[Opening Source data section]

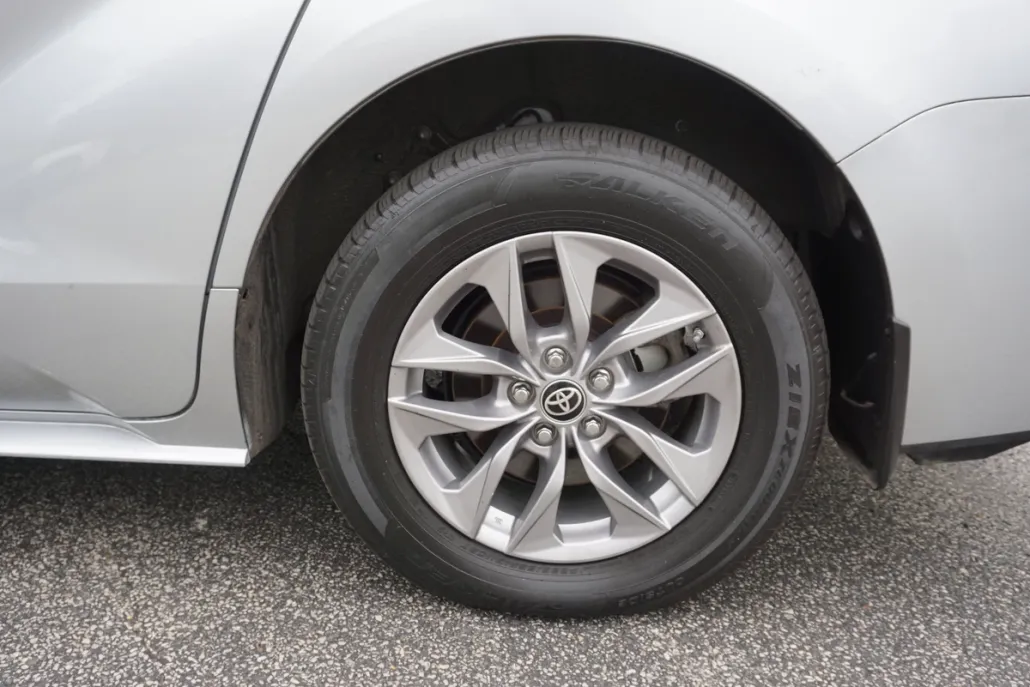 2022 Toyota Sienna LE photo 1
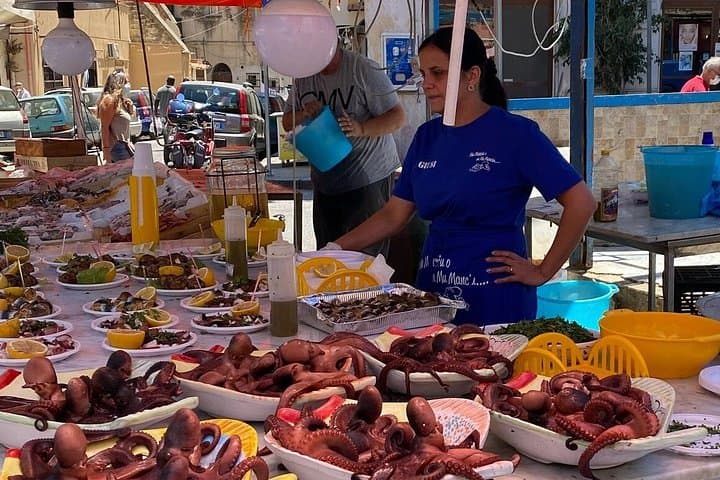 Palermo: Sicily street food: enjoy a colourful traditional market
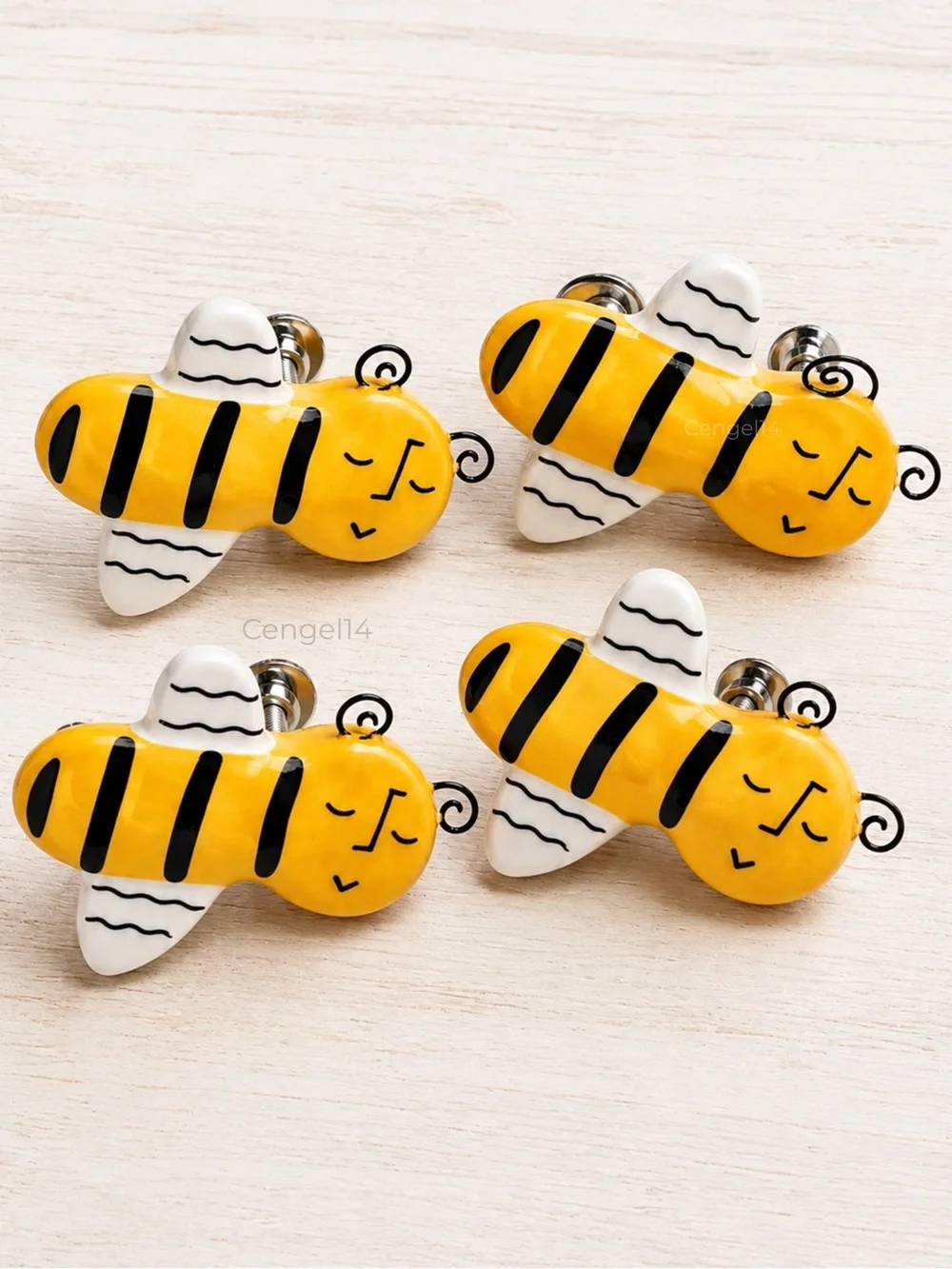 Silvestri Bee Cabinet Knobs Set of 4 NWT Ceramic Drawer Pulls Farmhouse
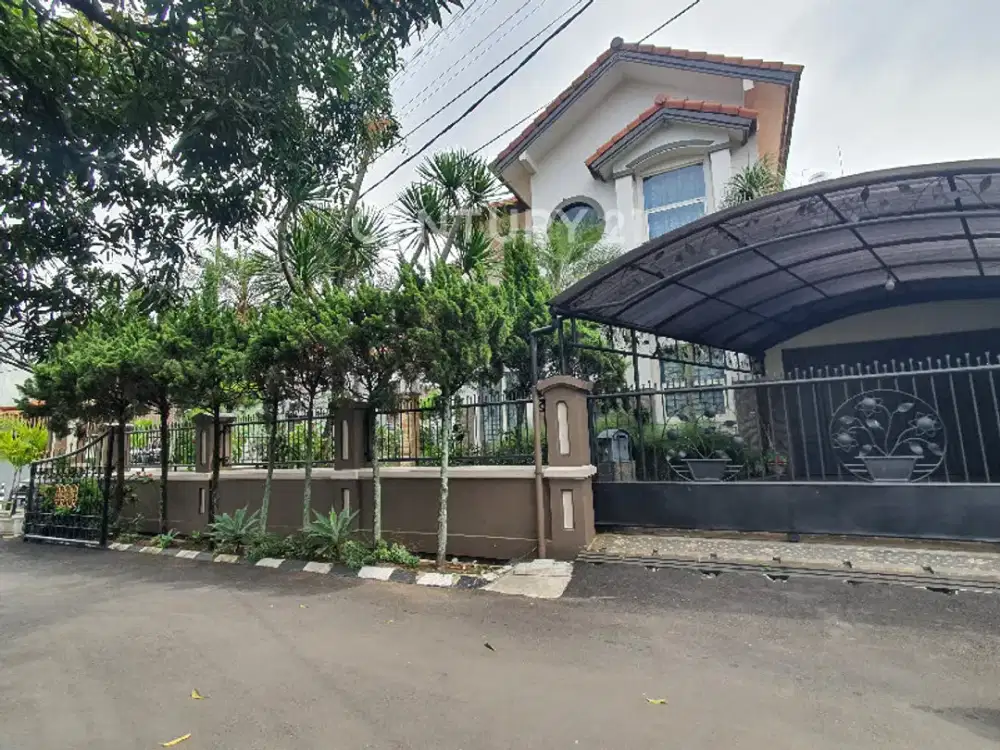 Rumah LUXURY 2 LANTAI, Furnished, Di Jl. Suryalaya BANDUNG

[Closing Source data section]

▸ The task:
The images are to be left out; every line above should be set down exactly.

▸ Exercise solution:
 2022 Toyota Sienna LE photo 1
 Palermo: Sicily street food: enjoy a colourful traditional market
 Silvestri Bee Cabinet Knobs Set of 4 NWT Ceramic Drawer Pulls Farmhouse
 Rumah LUXURY 2 LANTAI, Furnished, Di Jl. Suryalaya BANDUNG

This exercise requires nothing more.